The Day the Earth Stood Still

Posted on December 12, 2008 at 8:52 am

B
Lowest Recommended Age: Middle School
MPAA Rating: Rated PG-13 for some sci-fi disaster images and violence
Profanity: None
Alcohol/ Drugs: Wine
Violence/ Scariness: Sci-fi violence, shooting, explosions, massive destruction, character hit by car
Diversity Issues: None
Date Released to Theaters: December 12, 2008

In the 1951 version of The Day the Earth Stood Still, a spaceship landed in front of the Washington Monument to warn the people of earth that they were on the path to destruction. The problem then was the Cold War and nuclear arms race. In 2008, the remake has a space orb land in New York City and once again a humanoid-looking creature from another planet comes to earth because of another impending doom. “If the Earth dies, you die,” he says. “If you die, the Earth survives.”

Jennifer Connelly, who seems to enjoy sharing the screen with super-smart crazy guys (“A Beautiful Mind,” “Hulk”), plays Helen, a scientist brought in to try to help assess the threat level from the two beings to come out of the orb.

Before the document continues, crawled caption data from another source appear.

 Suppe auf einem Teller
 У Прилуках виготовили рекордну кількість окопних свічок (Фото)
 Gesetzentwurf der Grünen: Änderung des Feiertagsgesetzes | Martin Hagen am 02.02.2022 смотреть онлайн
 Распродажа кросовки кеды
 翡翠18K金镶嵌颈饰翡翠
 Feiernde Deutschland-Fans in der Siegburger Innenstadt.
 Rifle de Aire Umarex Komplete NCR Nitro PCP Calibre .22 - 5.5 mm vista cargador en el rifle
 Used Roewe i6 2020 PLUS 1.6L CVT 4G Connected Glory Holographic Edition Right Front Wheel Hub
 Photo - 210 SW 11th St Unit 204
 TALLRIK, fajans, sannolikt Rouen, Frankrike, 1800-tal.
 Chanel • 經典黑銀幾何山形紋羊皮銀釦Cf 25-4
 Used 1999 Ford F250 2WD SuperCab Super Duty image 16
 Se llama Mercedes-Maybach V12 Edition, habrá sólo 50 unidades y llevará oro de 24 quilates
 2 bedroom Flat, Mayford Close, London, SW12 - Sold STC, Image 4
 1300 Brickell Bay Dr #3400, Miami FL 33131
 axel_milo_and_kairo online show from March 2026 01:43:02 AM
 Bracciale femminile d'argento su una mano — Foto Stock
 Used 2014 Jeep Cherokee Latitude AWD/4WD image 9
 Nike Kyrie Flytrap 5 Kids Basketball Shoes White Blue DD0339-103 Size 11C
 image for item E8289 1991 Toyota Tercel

The first would have done better to have had a scientist to assess his own threat level because as soon as it stepped out of the orb someone shot him. The second is a silent, colossus-like giant of a robot with an ominous glow through the eye-slit, standing as sentry.

Klaatu has assumed human form (Keanu Reeves) so that he can speak to the world leaders at the UN. But a suspicious Secretary of Defense (Kathy Bates) decides to treat him like a galactic terrorist, so soon Klaatu, Helen, and her stepson (Jaden Smith, the son of Will Smith and Jada Pinkett Smith), are on the run. They make the obligatory visit to the Wise Man in the Woods (John Cleese, terrific as a Nobel award-winner for “altruistic biology”) and try to evade the efforts of military and law enforcement to capture them while Helen tries to demonstrate that humans are worth saving.

Director Scott Derickson is a committed Christian, and he has given the original story themes of sacrifice and redemption that will resonate with those who are open to a spiritual message. There is a reference to Noah’s Ark. Klaatu has the power to heal. He brings a dead man back to life and even walks on water. The most important themes are deeply spiritual as well, stewardship, respect for the interdependence of all things, and hope.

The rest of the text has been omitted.